O apogeu do iluminismo deu ao homem uma grande sensação de poder, parecendo razoável pensar que o materialismo fosse capaz de explicar todos os acontecimentos relatados na história humana sem o expediente de elementos invisíveis e intangíveis à nossa realidade. Mas a partir da Era pós-atômica e lastreada numa avançada matemática, pôde o homem deduzir que o universo seria instável e sucumbiria se tudo se resumisse as três dimensões que conseguimos ver e tatear. A partir de minuciosos cálculos do equilíbrio das quatro forças fundamentais pode a ciência moderna detectar que o universo que conhecemos subsiste num contrapeso de fina precisão, em que a diferença de velocidades entre as galáxias indicam sua expansão num tênue equilíbrio, já que se sua dilatação fosse uma minúscula parte mais rápida, toda a matéria do universo estaria irreparavelmente dispersa, e da mesma forma se tivesse sido uma ínfima parte mais lenta, a atração das massas já teria revertido seu movimento para uma retração no sentido inverso do big bang.

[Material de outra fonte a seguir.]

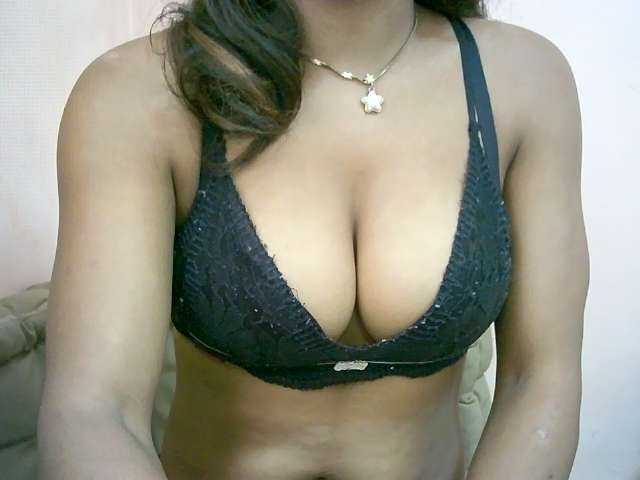 BelliBellaha live cam on BongaCams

A precisão do equilíbrio dessas forças pode alimentar a necessidade emocional de um criador, mas a história já nos mostrou que não devemos ter a presunção de um Criador por aquilo que não entendemos. Na verdade não podemos limitar o que é infinito, pois nada sabemos de como tais forças operavam antes da existência do próprio universo, e pela extensão do infinito, o universo pode ter existido com outras proporções destas forças, sem havê-las suportado e conseqüentemente sucumbido, levando a natureza a uma nova tentativa de equilíbrio até alcançar o momento em que hoje vivemos. A natureza reflete apenas o equilíbrio do que sobreviveu e não a própria perfeição; tudo que é frágil sucumbiu e não existe mais, e tudo que existe não tem a necessidade de ser perfeito, mas apenas de suportar os trancos das Eras.